Gianfranco Ruggiano es el nuevo director del Instituto Superior de Educación Física (ISEF) de la Universidad de la República (Udelar). Asumió el 14 de febrero y el nuevo puesto no lo encuentra mal parado: fue asesor académico y durante los últimos dos años se desempeñó como director del Departamento Educación Física y Prácticas Corporales del ISEF, por lo que desde hace tiempo se siente “parte del proceso”. Su proyección para los próximos cuatro años es seguir trabajando en la misma línea que su antecesora, Paola Dogliotti, con dos desafíos principales: continuar la consolidación del campo académico y encaminar el proceso hacia la liberación total de la matrícula, porque hasta el momento los cupos “les sacan el derecho a estudiar a los jóvenes que quieren hacerlo”. De hecho, con las inscripciones cerradas para este año, 1.608 estudiantes no podrán ingresar a la licenciatura en Educación Física, teniendo en cuenta las cuatro regionales de la Udelar. Ruggiano conversó con la diaria sobre los futuros planes, que incluyen, entre otras cosas, la adaptación al nuevo plan de estudios de 2017, el aumento en la matrícula, la creación de maestrías y el lanzamiento de títulos de pregrado, además de la consolidación edilicia.

¿Cómo encontraste al ISEF cuando tomaste la posta?

–Lo encuentro con unos primeros grados de consolidación en cuanto a su transformación institucional, en la que veníamos trabajando desde antes.
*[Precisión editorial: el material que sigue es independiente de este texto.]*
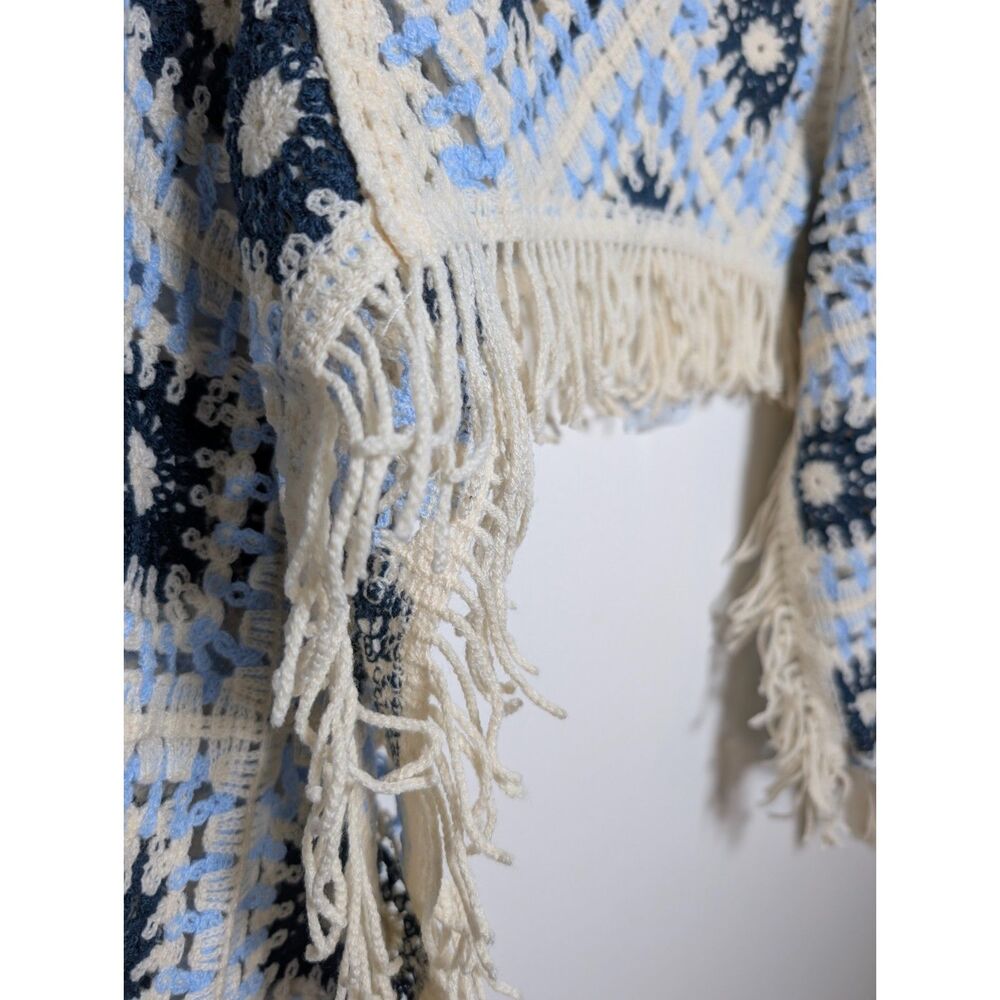 House of Harlow 1960 Boho Crochet Fringe Sweater One Size Blue Ivory Festival - Picture 7 of 8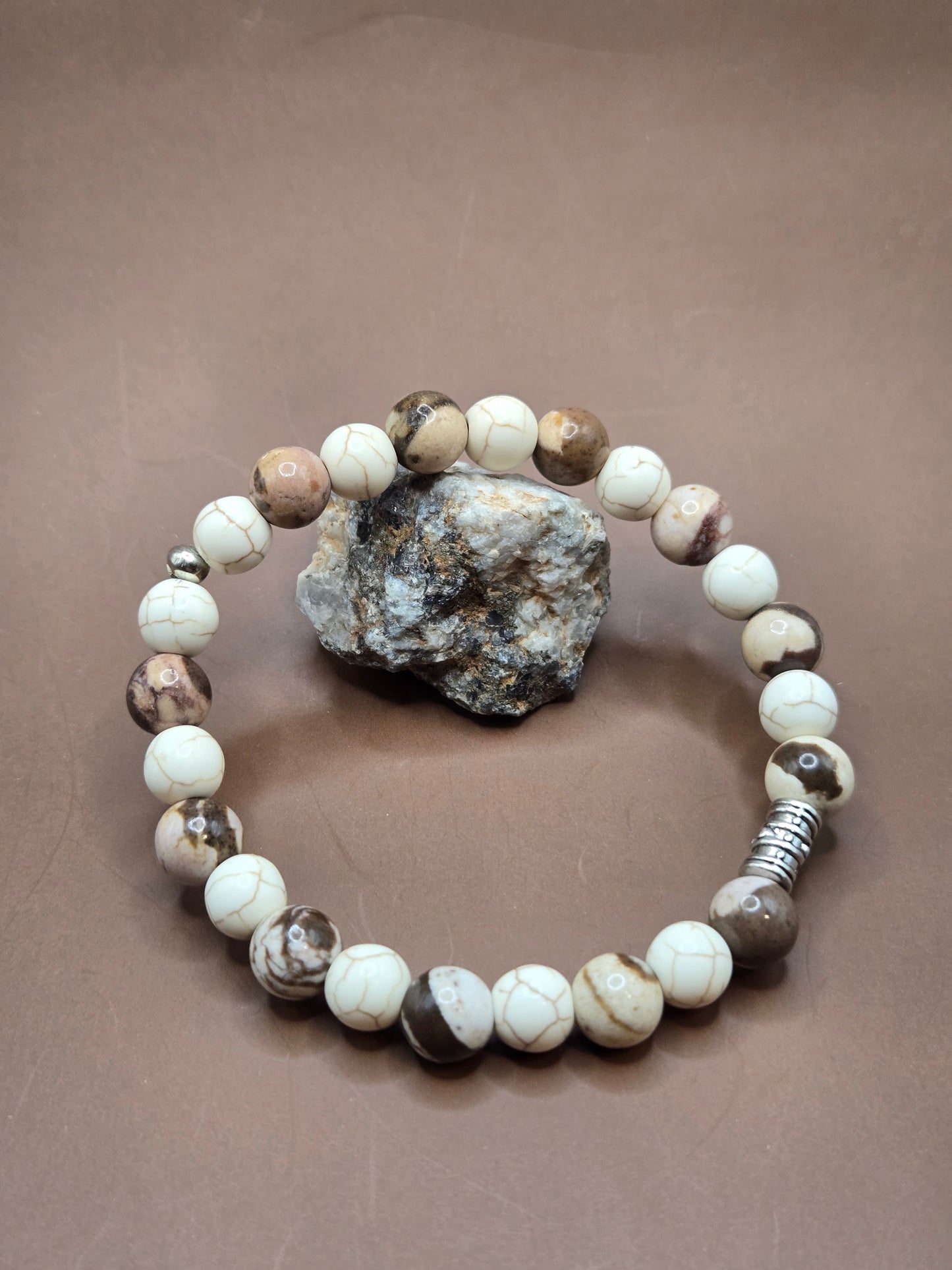 Zebra and white turquoise stone stretchy bracelet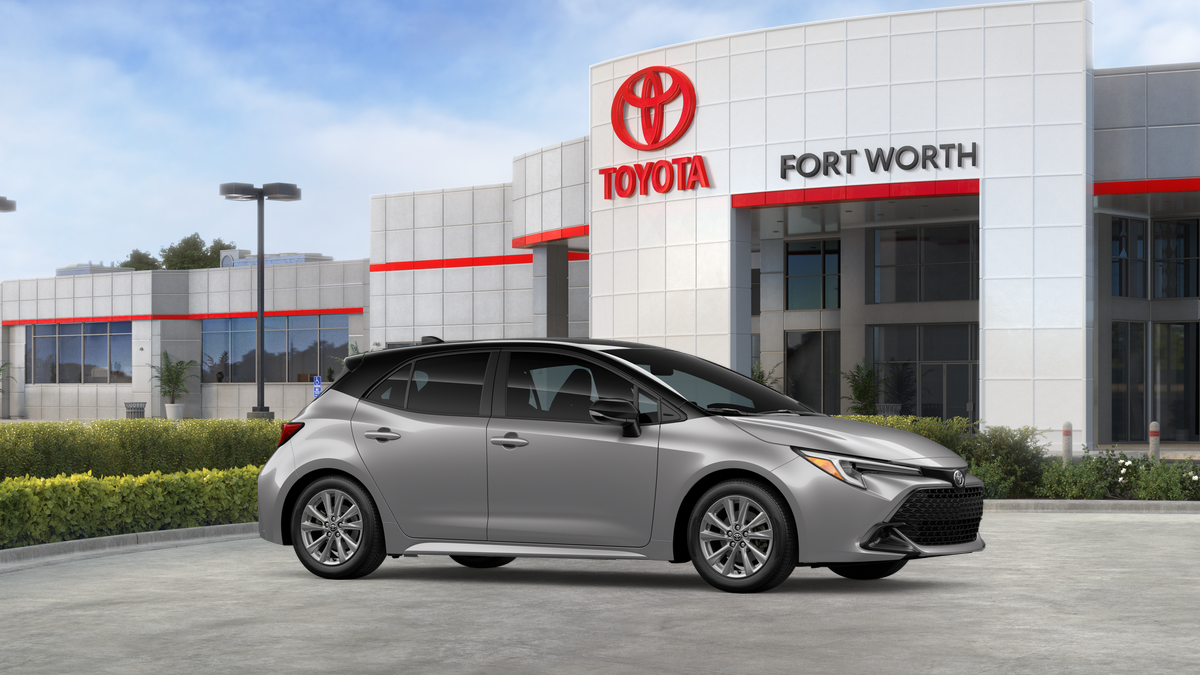 2026 Toyota Corolla Hatchback SE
Esto implica una dimensión edilicia, una académica, otra presupuestal, así como una dimensión de trabajo de funcionarios técnicos, administrativos y de servicio. Se ha venido trabajando en reorganizar planes de estudio, y en proyectar lo que los docentes hacemos en términos de producción de conocimiento y de formación.

¿Cuáles son los grandes lineamientos que tenés en mente para el período?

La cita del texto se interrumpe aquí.